SRM 683, D2, 250-Pointer (EqualSubstrings2)
James S. Plank
Wed Jan 27 16:58:02 EST 2021
In case Topcoder's servers are down
Here is a summary of the problem:
- You are givin a string s composed exclusively of lower-case letters.
- Your job is to compute and return the number of non-overlapping, non-empty,
identical substrings of s
- Topcoder limits the size of s 50, but I'm going to update that to
400 to make it a little more challenging.
The examples
# S Answer
0 "aa" 1 - the only matching substrings are "a" and "a"
1 "abcd" 0
2 "aba" 1 - again, "a" and "a" are the only matching substrings.
3 "abab" 3 - "a" & "a", "b" & "b", "ab" & "ab".
4 "aaaab" 7 - 6 different pairs of "a", one pair of "aa".
5 "onetwothreeonetwothree" 86
Testing yourself
Like the Cryptography Problem,
I have a shell script tests.sh, that you can use to test your program. When you
run tests.sh, your answer should be identical to
answers.txt
Hints
Let's evaluate the big-O of a brain-dead answer:
- Enumerate all substrings x of s. (O(n2)).

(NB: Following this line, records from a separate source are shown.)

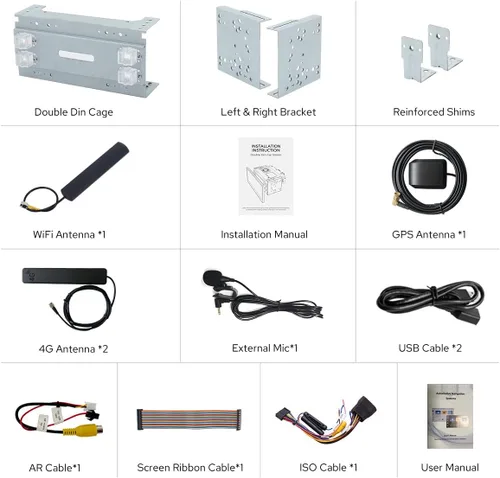 Vista 7 de JOYING Radio de coche doble DIN 9 pulgadas pantalla táctil estéreo Android 13 unidad principal 4GB+64GB con Android Auto/Carplay/Mirror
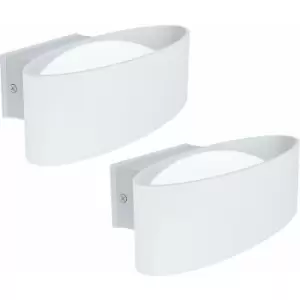 Loops - 2 pack IP44 Outdoor Wall Light White Aluminium & Steel 10W LED Porch Lamp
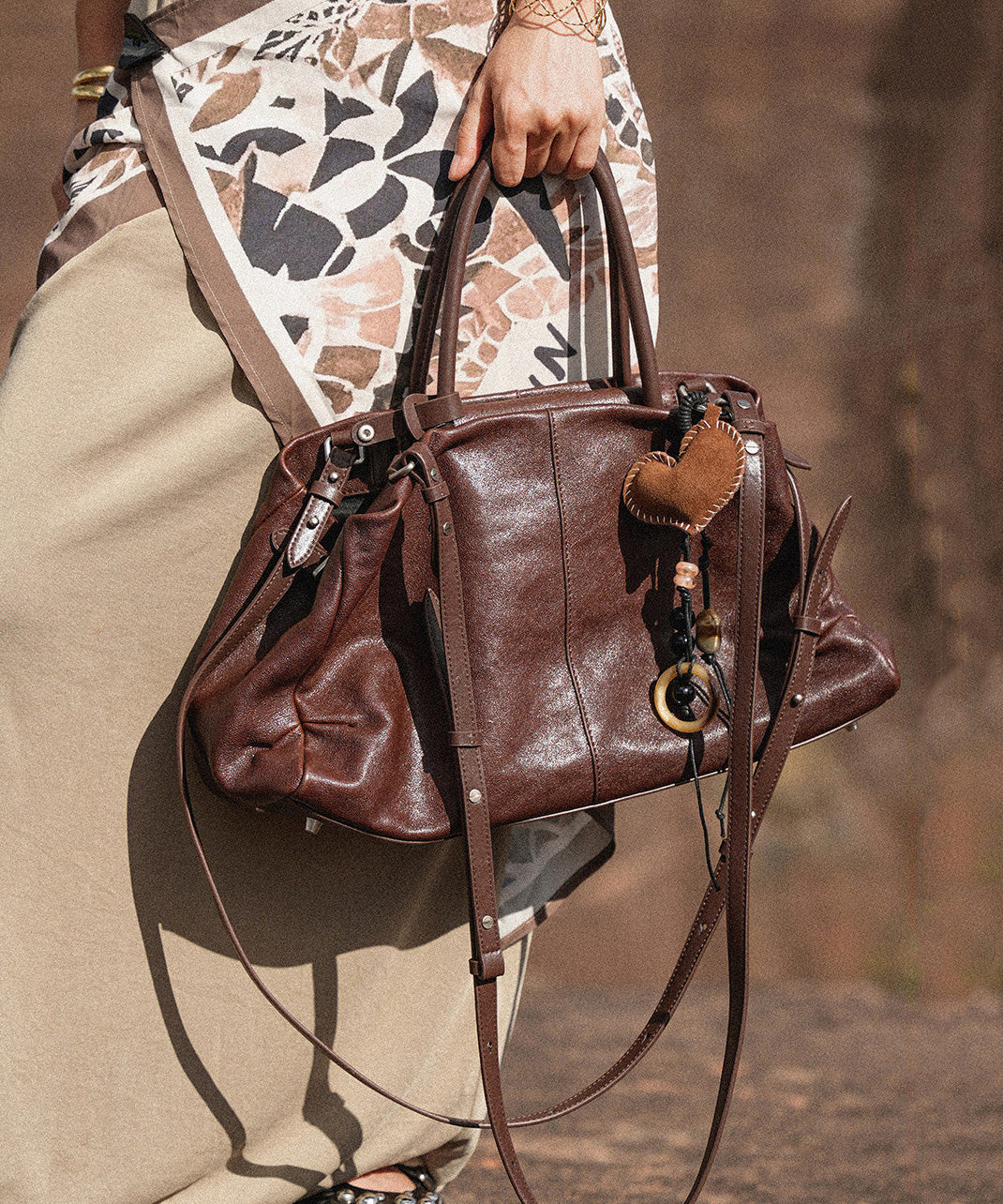 Stylish Coffee Large Capacity Calf Leather CrossBody Handbag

- For each of these, enumerate all substrings that start after x and that
are the same size as x. That's O(n).
- For each of these, compare the substring to x, and increment a counter if they
match. This is O(n) as well, although when the strings don't match, the
comparison can exit early.
That's looking like a whopping O(n4), but with n capped at 50,
it's fine. Even with n at 400, it finishes within the Topcoder limits when compiler
optimization is used.
You can make this a little faster if, instead of generating substrings and comparing them,
you simply use the C library routine strncmp(). Now, you don't need to make copies
of any substrings -- it compares them all in place.
A final way of making it faster is call s.find(s1, k), where s1 is the first
substring, and k is the index for the second substring. If it returns string::npos,
then you don't have to look any more. Otherwise, you increment the total, and set k to
be one after the return value.
I've programmed all of these, and their timings on tests.sh are as follows:
- Simplest approach: generating and comparing substrings: 15.481 seconds.
- Using the find() method to find the first substring in s: 1.107 seconds.
- Using strncmp(): 3.284 seconds
This would be a great application of the
Rabin-Karp algorithm. Someday, I'll hack it up here and see what the speedup is. Until then, it would
be good practice for you!